Assignment: The response should consist solely of the lines running from the line with "Munch Mitt- Grey" to the end of the data, retyped exactly.
** Exercise data follows **
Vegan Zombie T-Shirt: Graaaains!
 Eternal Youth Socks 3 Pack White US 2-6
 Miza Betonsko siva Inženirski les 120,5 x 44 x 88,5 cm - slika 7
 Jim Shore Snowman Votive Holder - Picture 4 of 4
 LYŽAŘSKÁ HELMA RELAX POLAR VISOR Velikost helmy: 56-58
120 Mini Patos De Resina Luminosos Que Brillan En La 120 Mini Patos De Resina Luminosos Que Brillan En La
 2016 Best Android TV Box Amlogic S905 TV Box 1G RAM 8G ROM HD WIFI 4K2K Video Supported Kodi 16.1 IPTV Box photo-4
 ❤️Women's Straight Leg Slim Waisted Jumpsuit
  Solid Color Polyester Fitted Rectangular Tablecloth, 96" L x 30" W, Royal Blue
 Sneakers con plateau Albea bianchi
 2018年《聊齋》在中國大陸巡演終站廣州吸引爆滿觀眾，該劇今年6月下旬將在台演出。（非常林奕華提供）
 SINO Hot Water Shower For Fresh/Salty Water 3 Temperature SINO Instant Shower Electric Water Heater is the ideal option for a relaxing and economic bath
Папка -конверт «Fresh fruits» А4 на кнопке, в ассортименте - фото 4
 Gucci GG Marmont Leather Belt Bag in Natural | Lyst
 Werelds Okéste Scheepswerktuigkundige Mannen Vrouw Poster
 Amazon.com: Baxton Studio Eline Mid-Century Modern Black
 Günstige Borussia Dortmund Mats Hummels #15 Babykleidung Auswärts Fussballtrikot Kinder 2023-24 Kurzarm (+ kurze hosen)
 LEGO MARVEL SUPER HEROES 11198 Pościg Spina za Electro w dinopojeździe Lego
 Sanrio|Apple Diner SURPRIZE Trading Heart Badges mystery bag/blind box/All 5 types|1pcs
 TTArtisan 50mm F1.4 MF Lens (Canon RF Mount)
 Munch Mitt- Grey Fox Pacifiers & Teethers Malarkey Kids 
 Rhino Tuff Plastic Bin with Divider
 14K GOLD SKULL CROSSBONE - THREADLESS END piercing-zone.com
** End of Exercise data **
Output of the task:
 Munch Mitt- Grey Fox Pacifiers & Teethers Malarkey Kids 
 Rhino Tuff Plastic Bin with Divider
 14K GOLD SKULL CROSSBONE - THREADLESS END piercing-zone.com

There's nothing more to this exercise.